Vorschüler sorgen für letzten Schliff

Mit farbigen Handabdrücken durften die acht Vorschüler am Dienstag der neuen Außenwand des Kindergartens ihren Stempel aufdrücken. Daraus zauberten die angehenden Abiturientinnen im Anschluss bunte Blumen. Die sechs Mädchen hatten davor schon perfekte Arbeit geleistet und in fünf Arbeitstagen ein rund zehn Meter langes Wandbild auf die Fassade der Kindertagesstätte aufgebracht.

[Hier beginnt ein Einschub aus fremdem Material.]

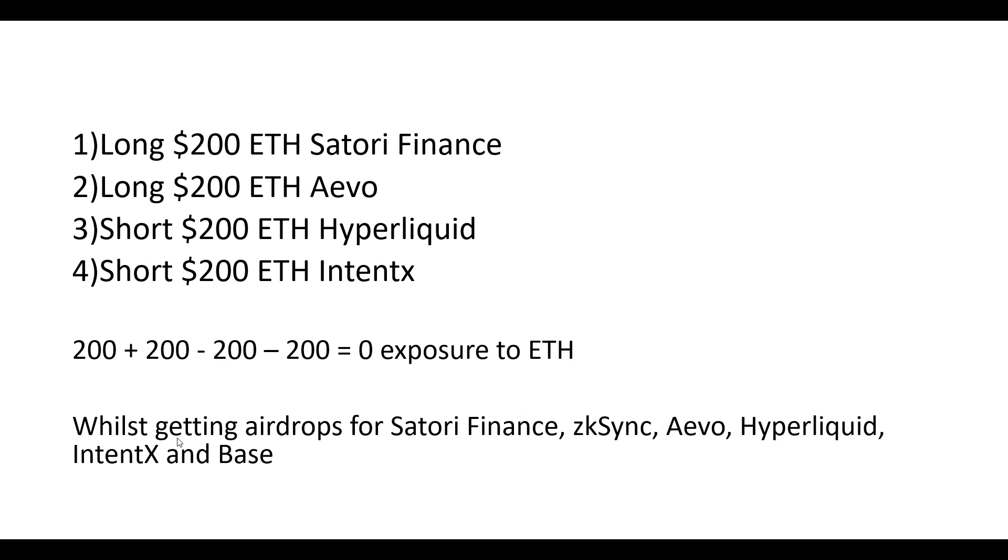The advantage to doing this is that it gives you a chance for an airdrop for Satori Finance, ZK Sync, Evo, Hyperliquid, IntentX, and Base. Of course, I'm only showing you a couple of perpetual futures DEXs that you could use. There are obviously ones that you could use on other ecosystems to execute this kind of strategy.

„Die graue Gebäudewand hat mich schon länger gestört“, erzählt die Kita-Leiterin. Irgendwann habe sie sich daran erinnert, dass Schüler des Pirmasenser Leibniz-Gymnasium schon einmal einen Kindergarten verschönert hatten. „Ich habe einfach dort nachgefragt, ob so etwas geht“, sagt sie. Es ging! Die Planung für das Wandbild habe bereits im Winter begonnen, erzählt Gries. Unterstützt bei der Umsetzung haben sie neben der Kunsterzieherin zudem die Verantwortlichen und Mitarbeiter der Stadt. Die hätten auch zu Beginn für die nötige, neue Wandgrundierung gesorgt, erzählt sie.

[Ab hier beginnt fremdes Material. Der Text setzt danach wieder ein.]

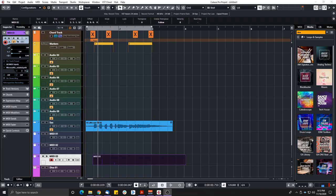Hey everyone, Sebastian here from Green Music Production. It's getting cold outside — we had our first snow here in Canada, which means Christmas is coming, but more importantly it means a new version of Cubase came out. This time it's Cubase 11, and I'm back with my classic Cubase review.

Vorstellungen perfekt umgesetzt

Die Ideen für das Wandbild seien dann zusammen mit den Kita-Mitarbeitern, den Kindergarten-Kindern, den Schülerinnen und ihrer Lehrerin entstanden. „Es gab Vorstellungen von unserer Seite, die die Mädchen perfekt umgesetzt haben“, berichtet die Erzieherin. So entstand das Bild, das das Kita-Maskottchen in unterschiedlichen Jahreszeiten zeigt, zuerst als Skizze auf dem Papier. Das Wissen um die nötige Technik erhielten die Mädchen im Anschluss von ihrer Kunsterzieherin. Corona habe das Projekt zwar ein wenig verzögert, die eigentliche Umsetzung sei dann aber schnell gegangen. Am letzten Samstag im Juni haben die Schülerinnen mit der Arbeit begonnen. „Wir haben das Bild am späten Abend auf die Hauswand projiziert und dann vorgezeichnet“, erzählt Hannah Hof. „Die nächtliche Aktion hat bei den Anwohnern für einiges Erstaunen gesorgt“, fügt Gries an. Viele von ihnen hätten sich inzwischen positiv geäußert und sie auf das farbenfrohe Bild angesprochen, sagt sie. Auch die Künstlerinnen sind begeistert von ihrem Werk. Ganz besonders das Samselo und die Schmetterlinge haben es ihnen und den Kindern angetan. Es sei schon ein schönes Gefühl, am Haus vorbeizufahren und das fertige Bild zu sehen, sagen die Mädchen. „Jetzt sieht man endlich schon an der Fassade, dass hier ein Kindergarten ist“ freut sich die Kita-Leiterin, die schon neue Ideen im Kopf hat.

Die kommunalen Kita auf dem Sommerwald besuchen aktuell 40 Kinder in zwei Gruppen. Die Kinder im Alter von zwei bis sechs Jahren werden von fünf Erzieherinnen betreut. „Samselo“ steht für „Spielen, Aufpassen, Mitmachen, Spaß haben, Erleben, Lernen und Orientieren“.